Al bar Oporto, que era lugar de reunión de universitarios y otros grupos de gente joven, a la medianoche del 23 de junio de 1990 entró un comando armado que sacó a los asistentes y en los parqueaderos disparó de manera selectiva e inclemente contra los hombres que concurrían.
Esa matanza dejó muertos en vida a varios sobrevivientes, dos de los cuales han fallecido por males de salud que sus familias asocian con la depresión y la tristeza. Tanto para sus parientes, como para el alcalde de entonces, Ómar Flórez Vélez, lo más doloroso ha sido asistir a la inacción judicial contra los autores materiales e intelectuales.
Nuestro editorial del martes 26 de junio de 1990, con ocasión de la masacre de la taberna Oporto, en la que fueron asesinados 23 jóvenes, en zona semirrural del municipio de Envigado, hablaba de aquellos días aciagos: “Medellín es una ciudad cercada por el miedo, por el horror y por la muerte. (...) Las masacres contra la población civil comenzaron en las comunas populares. (...) Hoy solo basta residir en el Valle de Aburrá para sentirse víctima de mil amenazas”.
Oporto fue el punto culmen de una cadena de asesinatos colectivos que comenzaron en las laderas Nororiental y Noroccidental, y que pronto se extendieron al Centro de Medellín y al resto del área metropolitana. Aterrador.

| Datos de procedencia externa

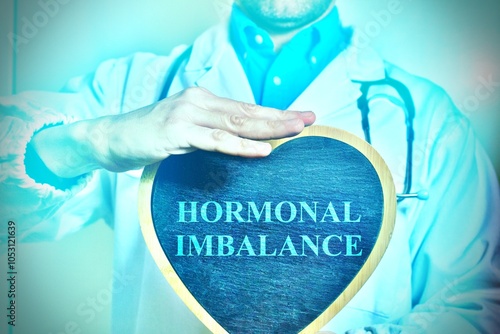 Doctor holding a heart with the inscription: HORMONAL IMBALANCE. Hormonal imbalance medicine and healthcare concept. Hormone disproportion. Woman hormonal imbalance. photo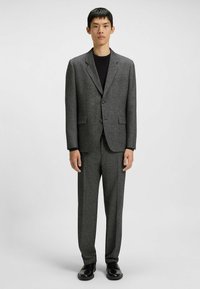 Gray tailored suit made of textured fabric, featuring a notched lapel jacket with two buttons and flat-front trousers, worn over a black top.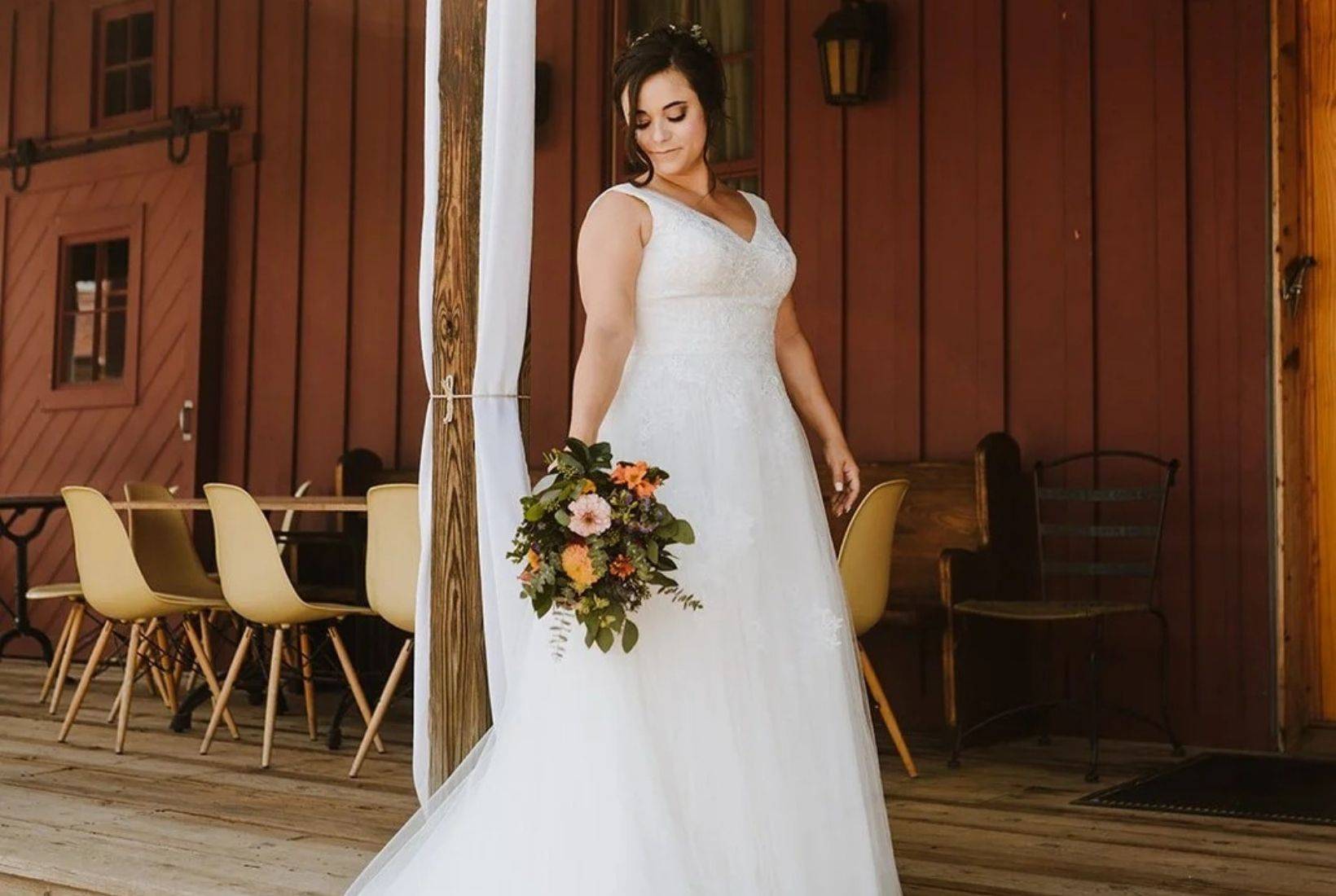 Bride holding bouquet at rustic Michigan wedding venue with outdoor ceremony setting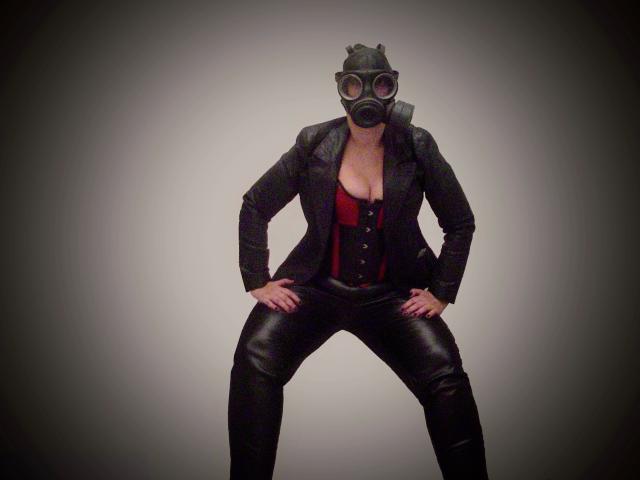 MistressOnline-hot in black leather suit, red corset, and gas mask, standing with legs apart, hands on hips, showing small tits, black leather pants, and confident stance.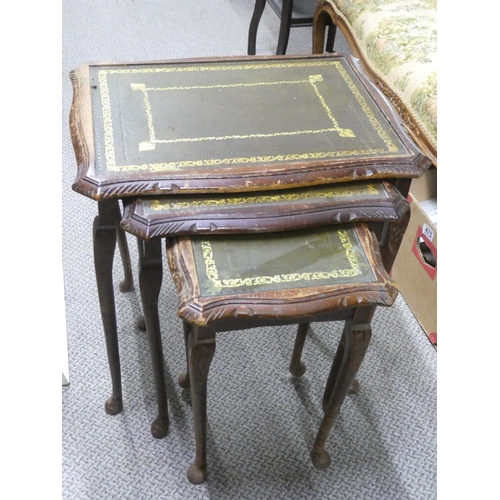 497 - A nest of three leather topped tables.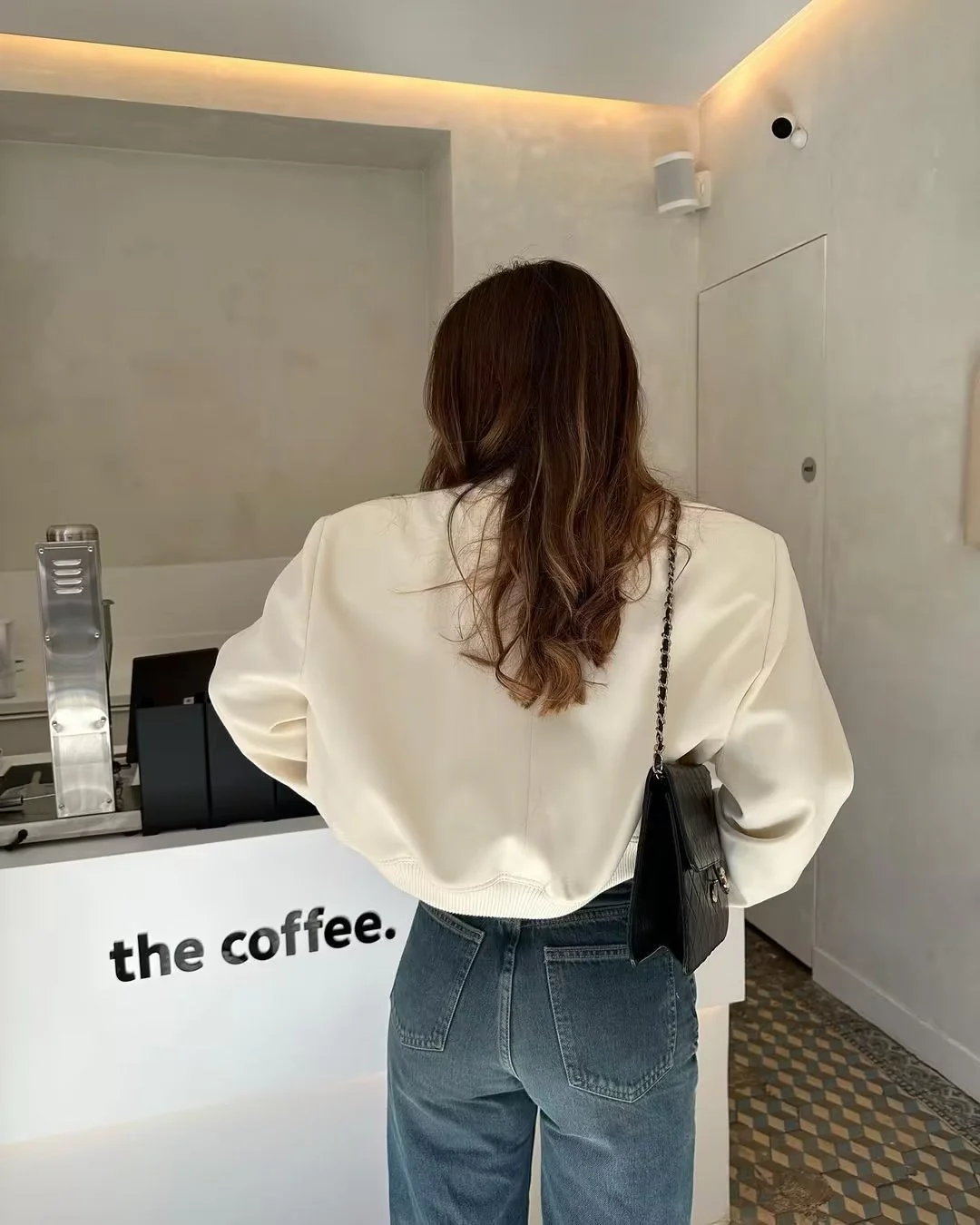 Oversized bomber jacket featuring a ribbed stand collar, ribbed cuffs and hem, clean snap-button front and two large flap pockets. Soft-touch, lightweight feel and relaxed drape make an easy, refined layer over tees, knits or dresses for transitional weather.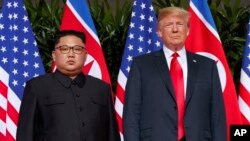도널드 트럼프 미국 대통령과 김정은 북한 국무위원장이 지난 6월 싱가포르에서 열린 첫 미-북 정상회담에서 나란히 서있다.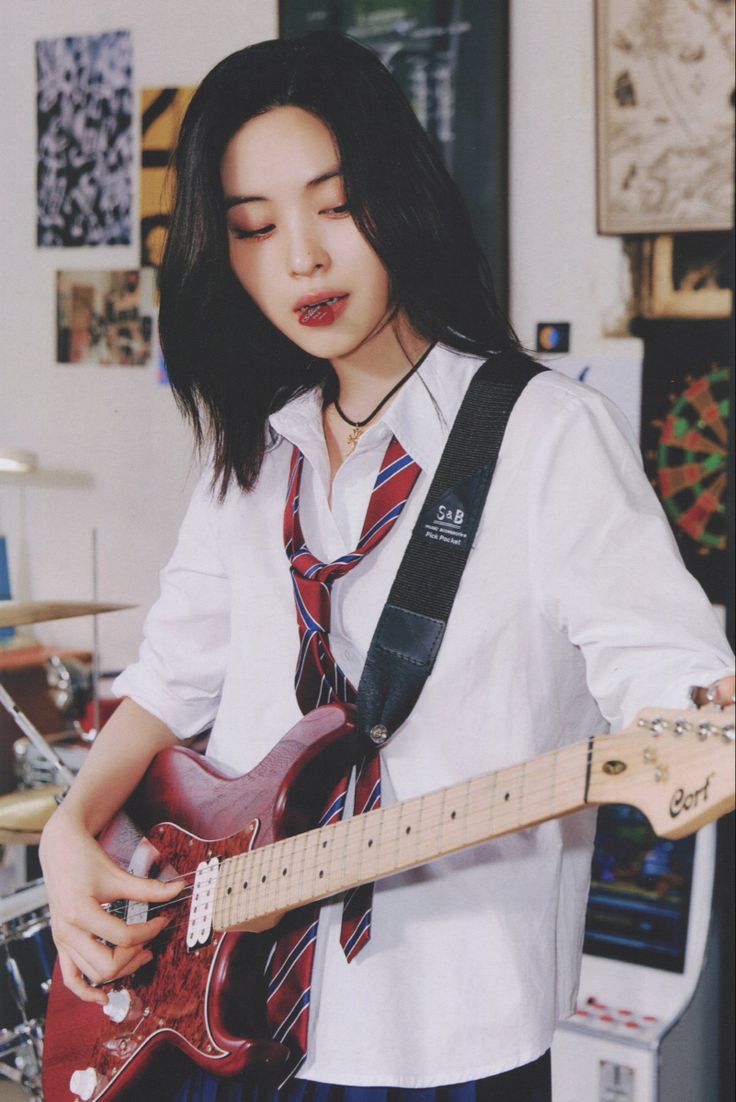 a young woman is playing an electric guitar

Aunque el exalcalde Flórez Vélez señala a Pablo Escobar como autor, en esa época hubo varias matanzas en Medellín en las que se comprobó la participación de agentes de organismos de seguridad del Estado. El desaparecido DAS le envió un informe a la Comisión Interamericana de Derechos Humanos en el que sindicó a miembros del desmontado Departamento de Orden Ciudadano (DOC) de Envigado, permeado por el cartel de Medellín y funcional en algunos de sus delitos, de ser el autor de la masacre de Oporto.
Si bien Envigado era entonces territorio de numerosos retenes policiales y militares, aquella noche no se dieron capturas. Para la Fiscalía, que se creó tiempo después, el caso de “la masacre más terrible ocurrida en el Valle de Aburrá” quedó en indagaciones preliminares.
Se trata de una época que permite entender la capacidad de resiliencia que tuvo Medellín para asimilar y superar esas violencias urbanas que marcaron los años noventa, y que retrata episodios de los que cabe hacer memoria para exigir que no queden en el olvido, y reconocer el valor de las víctimas, e impedir que se reediten tiempos de tanto desprecio por la vida humana y la convivencia social.
Estas líneas son también para reconocer a quienes han sobrevivido, a veces en el olvido ciudadano, mordiendo a solas tanto dolor, indignación y frustración al ver que el Estado fue incapaz de esclarecer y condenar a los responsables de esas muertes y esa destrucción. Ellos, además, inspiran un país que es capaz de hacer memoria, sanar y fortalecer las instituciones y la justicia.